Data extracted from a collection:
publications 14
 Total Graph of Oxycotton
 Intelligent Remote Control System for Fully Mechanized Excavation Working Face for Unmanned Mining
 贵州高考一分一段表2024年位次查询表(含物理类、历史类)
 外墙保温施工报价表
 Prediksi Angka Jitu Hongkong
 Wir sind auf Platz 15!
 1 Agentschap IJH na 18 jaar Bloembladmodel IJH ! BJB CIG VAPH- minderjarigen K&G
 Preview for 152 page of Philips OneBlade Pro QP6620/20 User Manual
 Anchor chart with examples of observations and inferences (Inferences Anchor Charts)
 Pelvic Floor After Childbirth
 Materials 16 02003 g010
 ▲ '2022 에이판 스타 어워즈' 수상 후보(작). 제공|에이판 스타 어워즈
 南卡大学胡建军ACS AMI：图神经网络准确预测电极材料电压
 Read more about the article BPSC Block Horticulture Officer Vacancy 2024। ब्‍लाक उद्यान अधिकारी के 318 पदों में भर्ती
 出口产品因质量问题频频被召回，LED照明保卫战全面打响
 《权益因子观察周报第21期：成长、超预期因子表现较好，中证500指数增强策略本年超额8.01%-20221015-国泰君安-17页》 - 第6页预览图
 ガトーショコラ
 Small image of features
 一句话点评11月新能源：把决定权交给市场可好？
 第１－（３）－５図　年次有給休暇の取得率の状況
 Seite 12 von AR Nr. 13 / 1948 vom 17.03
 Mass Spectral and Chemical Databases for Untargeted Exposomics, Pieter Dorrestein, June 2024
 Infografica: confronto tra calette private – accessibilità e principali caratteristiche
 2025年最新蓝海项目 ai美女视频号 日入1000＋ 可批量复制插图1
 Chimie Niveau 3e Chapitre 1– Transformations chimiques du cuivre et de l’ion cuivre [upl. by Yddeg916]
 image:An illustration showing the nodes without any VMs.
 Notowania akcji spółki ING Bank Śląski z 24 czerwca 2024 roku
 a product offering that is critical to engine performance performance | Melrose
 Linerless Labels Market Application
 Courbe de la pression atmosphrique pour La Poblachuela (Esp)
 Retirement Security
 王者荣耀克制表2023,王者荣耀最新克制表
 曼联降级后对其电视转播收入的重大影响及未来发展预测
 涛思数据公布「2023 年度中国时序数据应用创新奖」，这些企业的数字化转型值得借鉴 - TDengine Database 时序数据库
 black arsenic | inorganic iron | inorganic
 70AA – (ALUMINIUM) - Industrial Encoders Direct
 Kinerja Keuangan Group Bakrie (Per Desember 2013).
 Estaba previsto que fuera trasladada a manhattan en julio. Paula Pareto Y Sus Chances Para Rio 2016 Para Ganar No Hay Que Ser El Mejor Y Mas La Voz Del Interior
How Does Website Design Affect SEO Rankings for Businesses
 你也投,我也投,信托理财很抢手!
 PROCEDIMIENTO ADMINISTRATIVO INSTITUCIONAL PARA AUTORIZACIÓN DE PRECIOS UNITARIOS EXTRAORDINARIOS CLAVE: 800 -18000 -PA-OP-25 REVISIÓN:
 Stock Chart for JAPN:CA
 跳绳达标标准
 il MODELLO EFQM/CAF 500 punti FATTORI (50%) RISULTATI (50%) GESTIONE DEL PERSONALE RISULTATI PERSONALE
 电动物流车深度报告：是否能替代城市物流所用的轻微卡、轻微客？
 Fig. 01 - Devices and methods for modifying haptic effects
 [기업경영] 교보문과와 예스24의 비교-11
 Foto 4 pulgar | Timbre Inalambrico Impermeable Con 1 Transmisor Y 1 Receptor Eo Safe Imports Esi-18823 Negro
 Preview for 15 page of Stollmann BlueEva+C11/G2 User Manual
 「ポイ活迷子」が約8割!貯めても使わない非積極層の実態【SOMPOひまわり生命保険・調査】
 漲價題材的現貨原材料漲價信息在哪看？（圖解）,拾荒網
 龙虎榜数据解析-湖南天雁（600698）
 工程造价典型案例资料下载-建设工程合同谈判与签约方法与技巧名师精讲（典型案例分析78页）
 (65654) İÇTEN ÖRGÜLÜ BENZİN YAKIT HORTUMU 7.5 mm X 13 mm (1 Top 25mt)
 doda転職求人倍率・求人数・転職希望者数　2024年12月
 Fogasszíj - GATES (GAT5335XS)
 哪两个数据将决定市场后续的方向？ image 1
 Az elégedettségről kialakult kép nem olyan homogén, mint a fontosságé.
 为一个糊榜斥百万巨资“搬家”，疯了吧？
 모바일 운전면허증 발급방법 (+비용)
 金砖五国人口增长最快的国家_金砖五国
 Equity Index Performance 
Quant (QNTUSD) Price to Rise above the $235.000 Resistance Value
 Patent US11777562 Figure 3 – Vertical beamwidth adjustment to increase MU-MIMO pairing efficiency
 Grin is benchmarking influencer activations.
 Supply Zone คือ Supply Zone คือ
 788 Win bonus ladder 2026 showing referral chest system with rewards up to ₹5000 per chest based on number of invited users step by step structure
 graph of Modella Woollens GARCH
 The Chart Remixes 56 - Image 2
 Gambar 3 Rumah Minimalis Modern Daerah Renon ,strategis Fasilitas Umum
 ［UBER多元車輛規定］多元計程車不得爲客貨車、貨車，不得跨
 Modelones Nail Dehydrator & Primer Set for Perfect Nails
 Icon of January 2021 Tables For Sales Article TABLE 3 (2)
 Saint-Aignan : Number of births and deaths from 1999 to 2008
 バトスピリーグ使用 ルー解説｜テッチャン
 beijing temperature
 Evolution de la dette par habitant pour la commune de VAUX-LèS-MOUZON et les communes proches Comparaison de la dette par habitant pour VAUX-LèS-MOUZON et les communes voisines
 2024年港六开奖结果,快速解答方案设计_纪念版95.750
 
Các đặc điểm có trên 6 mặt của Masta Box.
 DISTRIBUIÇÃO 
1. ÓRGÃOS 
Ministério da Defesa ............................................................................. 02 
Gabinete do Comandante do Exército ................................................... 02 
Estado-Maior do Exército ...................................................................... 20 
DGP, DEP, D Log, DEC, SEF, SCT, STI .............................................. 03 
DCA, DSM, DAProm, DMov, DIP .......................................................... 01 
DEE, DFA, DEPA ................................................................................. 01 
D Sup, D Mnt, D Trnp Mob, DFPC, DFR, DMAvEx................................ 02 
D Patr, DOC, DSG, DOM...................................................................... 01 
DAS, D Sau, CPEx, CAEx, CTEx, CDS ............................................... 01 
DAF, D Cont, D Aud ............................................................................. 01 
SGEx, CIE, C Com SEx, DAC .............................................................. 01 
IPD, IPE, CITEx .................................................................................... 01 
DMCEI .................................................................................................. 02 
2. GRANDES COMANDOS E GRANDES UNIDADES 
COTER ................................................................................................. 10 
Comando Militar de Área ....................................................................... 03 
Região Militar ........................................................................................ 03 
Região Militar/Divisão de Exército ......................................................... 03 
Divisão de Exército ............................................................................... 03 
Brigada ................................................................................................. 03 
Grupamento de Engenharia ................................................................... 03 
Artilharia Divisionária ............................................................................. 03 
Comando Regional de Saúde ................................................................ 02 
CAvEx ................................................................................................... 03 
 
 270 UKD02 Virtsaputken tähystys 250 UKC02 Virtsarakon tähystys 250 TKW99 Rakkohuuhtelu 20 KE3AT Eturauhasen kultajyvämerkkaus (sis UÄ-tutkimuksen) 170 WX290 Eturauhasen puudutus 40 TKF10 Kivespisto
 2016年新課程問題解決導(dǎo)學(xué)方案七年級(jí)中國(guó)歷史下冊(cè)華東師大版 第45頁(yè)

● The problem:
Your answer should consist of the lines from the line with "Gambar 3 Rumah" to the line with "DAS, D Sau, CPEx, CAEx, CTEx, CDS" above, repeated exactly, both ends included.

● Result of this task:
 Gambar 3 Rumah Minimalis Modern Daerah Renon ,strategis Fasilitas Umum
 ［UBER多元車輛規定］多元計程車不得爲客貨車、貨車，不得跨
 Modelones Nail Dehydrator & Primer Set for Perfect Nails
 Icon of January 2021 Tables For Sales Article TABLE 3 (2)
 Saint-Aignan : Number of births and deaths from 1999 to 2008
 バトスピリーグ使用 ルー解説｜テッチャン
 beijing temperature
 Evolution de la dette par habitant pour la commune de VAUX-LèS-MOUZON et les communes proches Comparaison de la dette par habitant pour VAUX-LèS-MOUZON et les communes voisines
 2024年港六开奖结果,快速解答方案设计_纪念版95.750
 
Các đặc điểm có trên 6 mặt của Masta Box.
 DISTRIBUIÇÃO 
1. ÓRGÃOS 
Ministério da Defesa ............................................................................. 02 
Gabinete do Comandante do Exército ................................................... 02 
Estado-Maior do Exército ...................................................................... 20 
DGP, DEP, D Log, DEC, SEF, SCT, STI .............................................. 03 
DCA, DSM, DAProm, DMov, DIP .......................................................... 01 
DEE, DFA, DEPA ................................................................................. 01 
D Sup, D Mnt, D Trnp Mob, DFPC, DFR, DMAvEx................................ 02 
D Patr, DOC, DSG, DOM...................................................................... 01 
DAS, D Sau, CPEx, CAEx, CTEx, CDS ............................................... 01 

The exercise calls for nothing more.